[Data extracted from a collection]

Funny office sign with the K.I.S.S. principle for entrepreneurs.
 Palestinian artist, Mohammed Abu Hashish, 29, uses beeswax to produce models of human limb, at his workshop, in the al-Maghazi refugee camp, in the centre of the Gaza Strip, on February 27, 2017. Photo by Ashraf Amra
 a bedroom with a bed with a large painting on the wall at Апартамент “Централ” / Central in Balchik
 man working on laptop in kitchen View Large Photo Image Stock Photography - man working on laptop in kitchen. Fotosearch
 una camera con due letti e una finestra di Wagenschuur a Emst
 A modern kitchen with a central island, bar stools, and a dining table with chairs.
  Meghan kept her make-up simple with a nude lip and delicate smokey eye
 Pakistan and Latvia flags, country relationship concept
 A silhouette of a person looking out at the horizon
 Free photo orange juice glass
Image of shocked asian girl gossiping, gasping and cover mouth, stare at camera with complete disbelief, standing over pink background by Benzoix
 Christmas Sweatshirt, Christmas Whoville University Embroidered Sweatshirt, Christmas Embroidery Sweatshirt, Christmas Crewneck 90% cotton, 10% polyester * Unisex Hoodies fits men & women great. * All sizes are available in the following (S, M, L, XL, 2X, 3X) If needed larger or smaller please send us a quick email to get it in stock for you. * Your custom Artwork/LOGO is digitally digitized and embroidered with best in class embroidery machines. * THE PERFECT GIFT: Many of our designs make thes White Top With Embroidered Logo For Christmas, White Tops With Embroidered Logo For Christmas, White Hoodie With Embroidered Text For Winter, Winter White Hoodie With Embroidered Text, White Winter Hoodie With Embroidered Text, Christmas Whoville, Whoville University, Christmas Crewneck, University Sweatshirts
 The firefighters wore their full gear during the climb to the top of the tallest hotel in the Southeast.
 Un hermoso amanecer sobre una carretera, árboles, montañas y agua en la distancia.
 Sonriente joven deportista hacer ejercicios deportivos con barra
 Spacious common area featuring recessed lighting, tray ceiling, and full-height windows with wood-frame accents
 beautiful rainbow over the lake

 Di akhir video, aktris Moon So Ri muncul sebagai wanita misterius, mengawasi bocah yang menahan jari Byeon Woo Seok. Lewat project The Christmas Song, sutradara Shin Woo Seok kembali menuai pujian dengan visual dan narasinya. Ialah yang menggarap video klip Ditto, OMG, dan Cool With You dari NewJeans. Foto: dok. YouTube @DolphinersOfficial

* Task to complete:
From the entries above, restate word for word the lines from the line containing "Meghan kept her" to the line containing "Image of shocked", both ends included, and nothing more.

* Task answer:
  Meghan kept her make-up simple with a nude lip and delicate smokey eye
 Pakistan and Latvia flags, country relationship concept
 A silhouette of a person looking out at the horizon
 Free photo orange juice glass
Image of shocked asian girl gossiping, gasping and cover mouth, stare at camera with complete disbelief, standing over pink background by Benzoix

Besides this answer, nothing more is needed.